The tournament in Russia will be the first time that these countries will have participated in the World Cup, with not many expecting much from either nation on their first go around. 

It would be naive to rule them out before a ball is kick especially considering Iceland's run to the quarter-finals in Euro 2016, and there has certainly been a history of World Cup debutants making an impact on their debut. Today we will be looking at some of the best World Cup debutants across the years. 


North Korea (1966)

Only two Asian sides had made the tournament itself before the competition arrived on English Shores in 1966, but North Korea changed the tide with their passage into the last-eight. Nobody gave them a chance having been drawn with former champions Italy and suffering a defeat to the Soviet Union in the opening game, but proved solid in second game on Teesside with solid draw against Chile. 

They went and pulled off one of the shocks of the tournament with a 1-0 victory over the Italians, that set up a quarter-final clash with Portugal and looked to be in dreamland having took a 3-0 lead after 30 minutes.
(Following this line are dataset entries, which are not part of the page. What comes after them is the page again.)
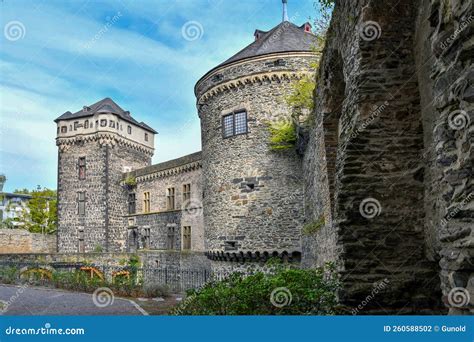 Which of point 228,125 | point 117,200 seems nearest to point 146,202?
point 117,200

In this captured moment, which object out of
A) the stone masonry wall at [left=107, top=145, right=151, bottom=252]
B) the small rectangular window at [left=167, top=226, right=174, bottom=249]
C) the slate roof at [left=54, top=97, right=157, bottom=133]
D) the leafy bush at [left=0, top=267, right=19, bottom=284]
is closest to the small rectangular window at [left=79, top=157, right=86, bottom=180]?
the stone masonry wall at [left=107, top=145, right=151, bottom=252]

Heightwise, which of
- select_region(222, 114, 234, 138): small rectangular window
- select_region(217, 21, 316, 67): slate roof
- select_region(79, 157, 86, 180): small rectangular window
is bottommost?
select_region(222, 114, 234, 138): small rectangular window

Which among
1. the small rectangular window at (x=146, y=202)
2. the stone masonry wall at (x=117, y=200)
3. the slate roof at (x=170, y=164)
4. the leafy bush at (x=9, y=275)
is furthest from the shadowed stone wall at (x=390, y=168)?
the stone masonry wall at (x=117, y=200)

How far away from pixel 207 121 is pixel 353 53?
1482cm

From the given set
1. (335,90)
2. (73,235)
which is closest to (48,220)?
(73,235)

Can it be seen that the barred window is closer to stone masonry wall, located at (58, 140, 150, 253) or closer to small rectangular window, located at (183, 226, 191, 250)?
small rectangular window, located at (183, 226, 191, 250)

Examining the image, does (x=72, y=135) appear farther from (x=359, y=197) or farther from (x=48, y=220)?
(x=359, y=197)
It wasn't meant to be however as Eusébio inspired a 5-3 comeback, but North Korea certainly paved the way for Asian teams after them. 


Croatia (1998)

​Many will be surprised to hear that Croatia didn't take part in the biggest international competition until just before the turn of the millennium, but it was Croatia who are the most successful debutants thus far. 

Most of their success hung on the form of talismanic striker Davor Šuker who was crucial in the group stages to ease past both fellow debutants and Jamaica and Japan, before a slight tumble in the final group game saw them finish behind Argentina. Šuker would be on hand to thwart Romania to set up a quarter-final clash with one of the favourites Germany. 

The experience in the tournament between the two sides on paper was telling, but it certainly didn't matter out on the pitch as Croatia breezed past them 3-0 in Lyon to face the hosts France in the semi's. The romance of the tournament was what saw Croatia fall at the penultimate but finished a very respectable third after defeating the Netherlands, many consider Croatia dark horses for many tournaments in the modern era mainly due to the fact that they have the record to back it up. 


Senegal (2002)

As tournaments went on and on through the 90's and into the 00's African teams were beginning to become stronger and stronger, with Senegal hitting the crest of the wave following the success of Cameroon and Nigeria in the 1990 and 1994 tournaments respectively. 

It certainly looked to be something special when they defeated the reigning champions France in their opening match, with Papa Bouba Diop's now infamous celebration seen around the world once over. 

Two draws would follow but it would be enough to take them through behind Denmark to take on fellow Scandinavians Sweden in the last-16, with Henri Camara's golden goal taking them to the last-eight. Senegal were look to go one step further than Cameroon had 12 years previously, however the golden goal would prove their down fall as Turkey took a place in the last four but Senegal will be looking to emulate their 2002 triumphs again this year.